Daniel Brustlein was born on September 11, 1904, in the Alsatian town of Mulhouse. Although attached to Germany and known as Mülhausen during Brustlein's childhood, the town retained historic ties to France and, despite their unavoidable German citizenship, many of its citizens—Brustlein included—considered themselves to be French. He attended local schools approximately through age fourteen and, showing an early aptitude for drawing, published his first collection of cartoons—Petite Histoire de la Guerre en Caricatures—at the age of fifteen in 1919. At about that time he began residence in Geneva and soon after enrolled as an art student in that city, first at the École des Arts & Métiers and then the École des Beaux Arts. In 1924, at the urging of one of his teachers, Brustlein moved to Paris where he found work as an illustrator while continuing his art studies. Two years later some of his illustrations were included in the Exposition Internationale des Arts Décoratifs et Industriels Modernes. The exposition, a world's fair held in Paris from April to October 1925, introduced the Art Deco style. (Note: The term "Art Deco" was derived by shortening the words Arts Décoratifs, in the title of this exposition. See its Wikipedia entry for more information on this subject.)

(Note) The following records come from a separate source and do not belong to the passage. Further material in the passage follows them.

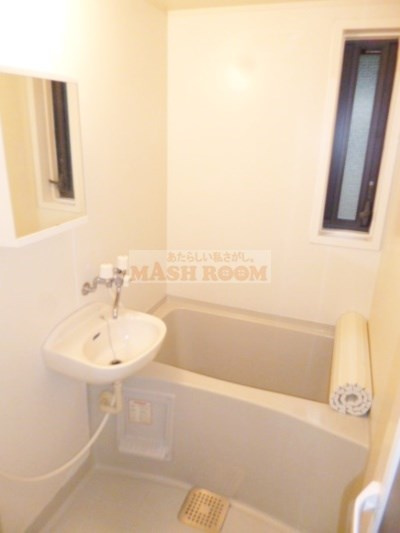 アビデKMの浴室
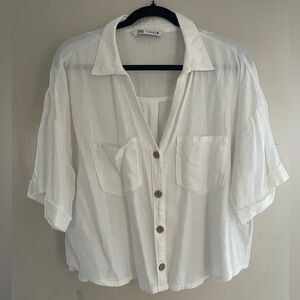 NWOT - Zara cropped lightweight button front shirt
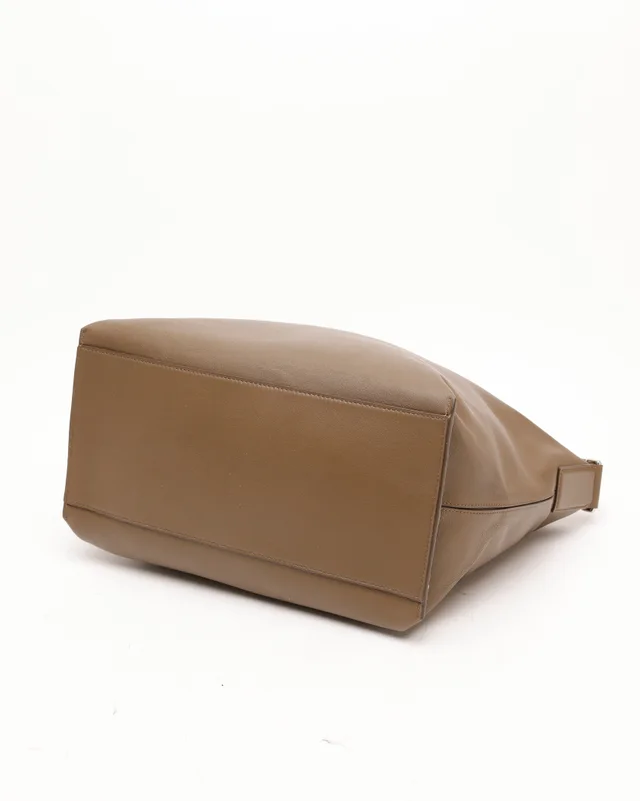 Loewe Cubi Messenger Bag in Canvas from A Retro Tale, photo 4 of 7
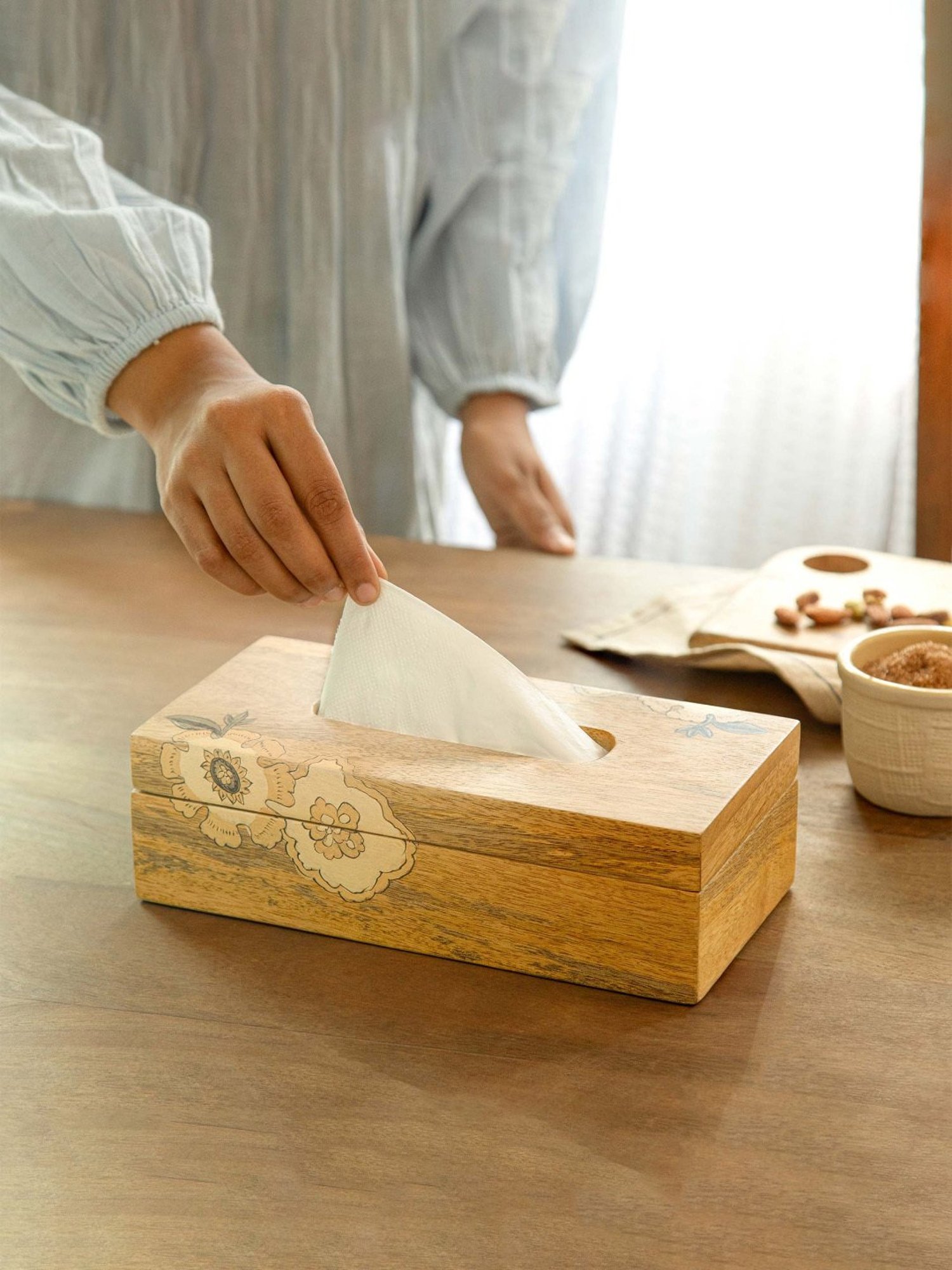 Karo Tapi Printed Multicolor Wood Tissue Box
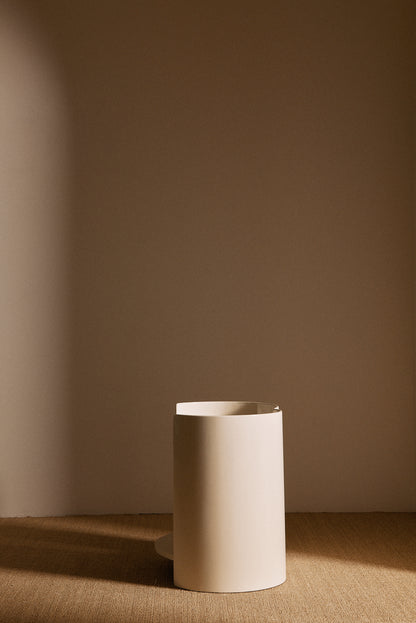 Kazuhide Takahama off white lacquered wood Gea side table, single table seen as a plain cylinder from the side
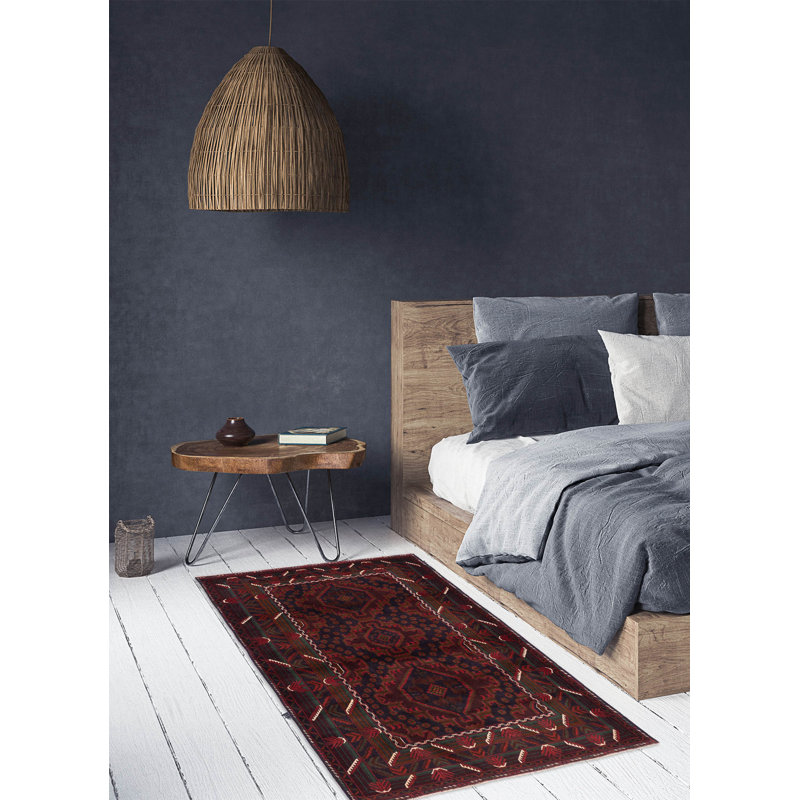 Tapis bleu marine Teimani 4 pi 2 po x 6 pi 7 po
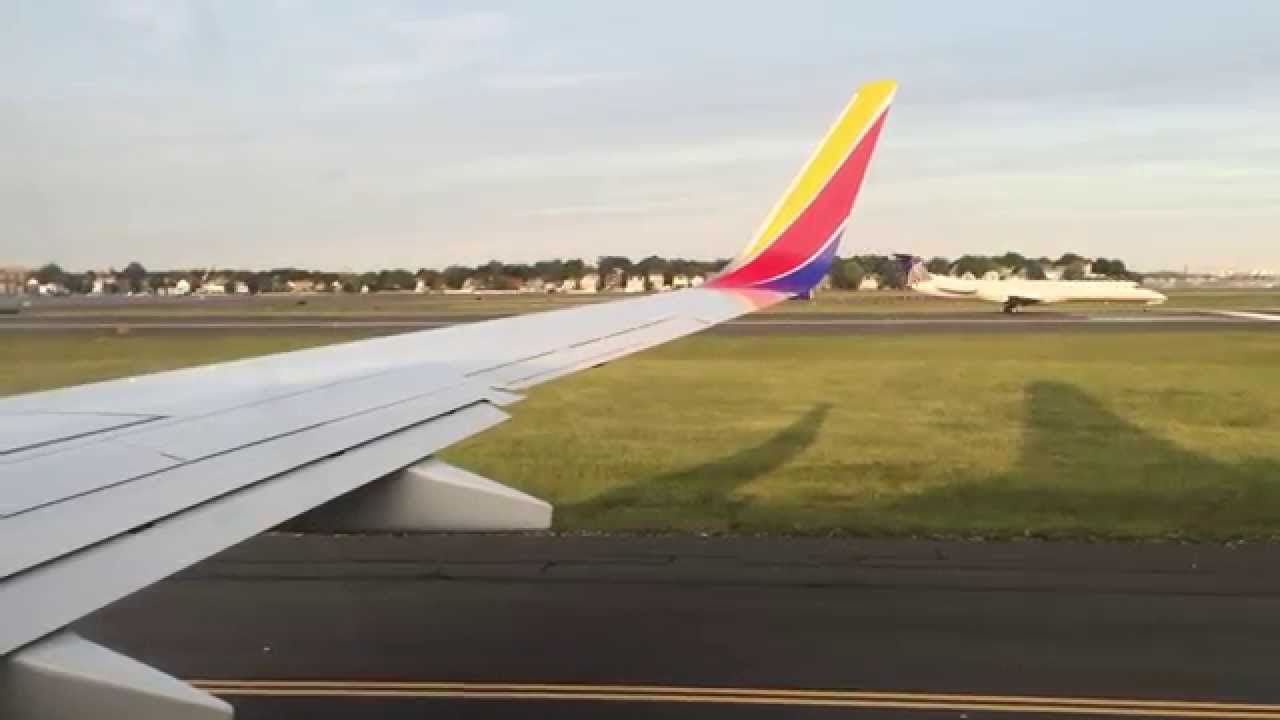 Southwest Takeoff from Boston with International Traffic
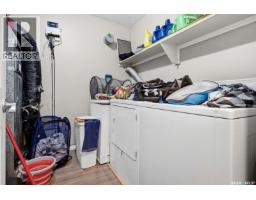 Bedroom - 434 Halifax Street, Regina, SK S4R1T3 Photo 13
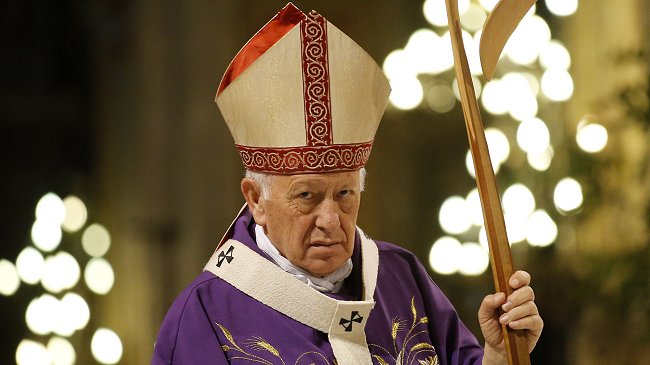 Activista transgénero: Ezzati pretende que la identidad humana funcione como perros y gatos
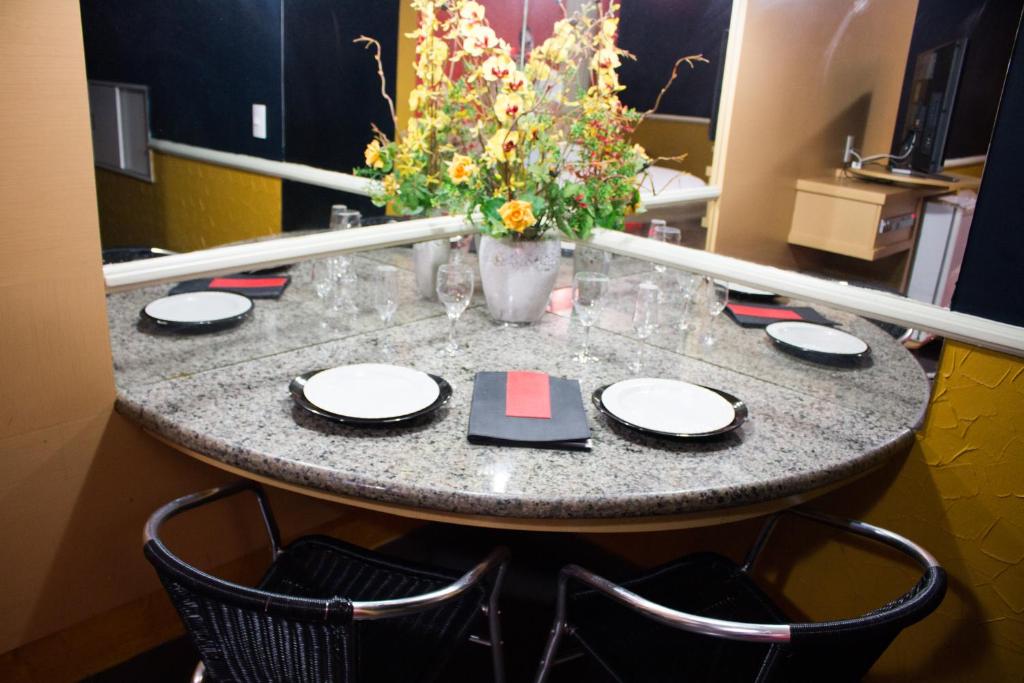  Shanadu Motel (Adults Only)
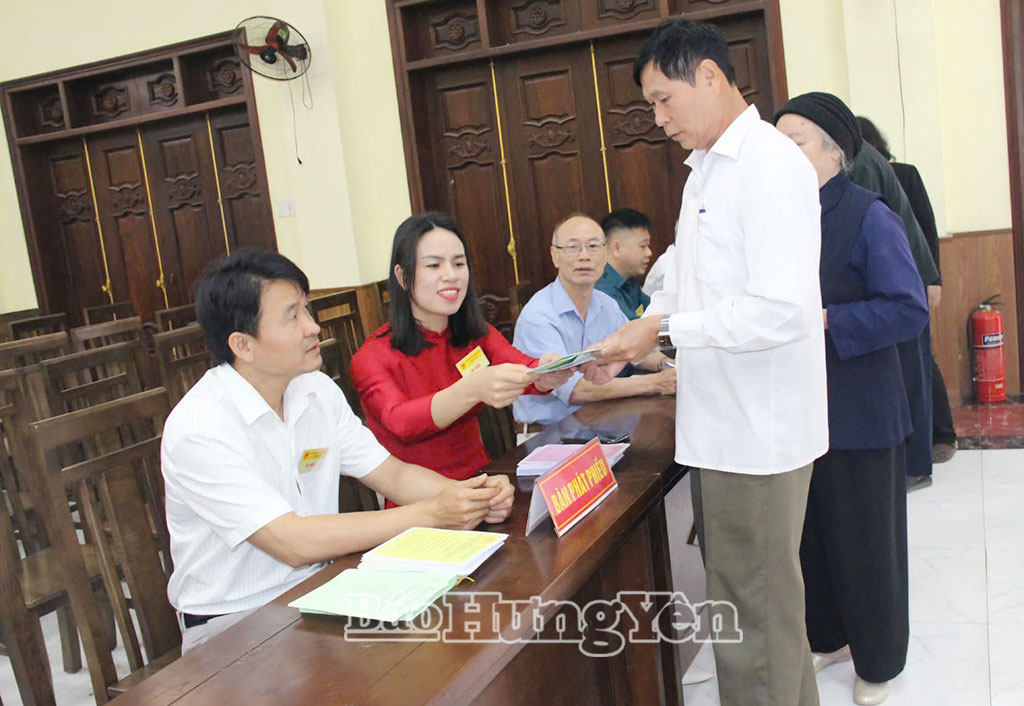 Cử tri thôn Thị Trung, xã Như Quỳnh nhận phiếu bầu cử.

In 1927 Brustlein moved to New York City on the advice of Jean Coquillot, a colleague and fellow student. Having emigrated from Geneva in 1921, Coquillot had found work in New York as an illustrator, humorous cartoonist, and book cover designer. (Note: In 1940 Jean Christopher Coquillot was living at 727 Lexington Avenue. The 1940 Census says he was a commercial artist aged 37. Born in Switzerland, he was living with his wife Ann and a brother, Henri Coquillot, who was a silk salesman, age 40.) In the 1930s he would become known for a cover he contributed to Mademoiselle magazine (1936) and illustrations he made for Heidi Grows Up (1938), the first of two sequels to the book Heidi. (Note: Heidi was written by Johanna Spyri and translated by Charles Tritten. Heidi Grows Up was written by Tritten and published in New York, Grosset & Dunlap, with Jean Coquillot's illustrations. See the Wikipedia entries for heidi, Heidi Grows Up, and Heidi's Children for more information on this subject.) Through his friendship with Coquillot, Brustlein found work drawing illustrations and cartoons and within a few years he had become a regular contributor to The New Yorker magazine.

==Mature style==

Daniel Brustlein, as "Alain," cartoon: "Drawing From the Life" The New Yorker (1955)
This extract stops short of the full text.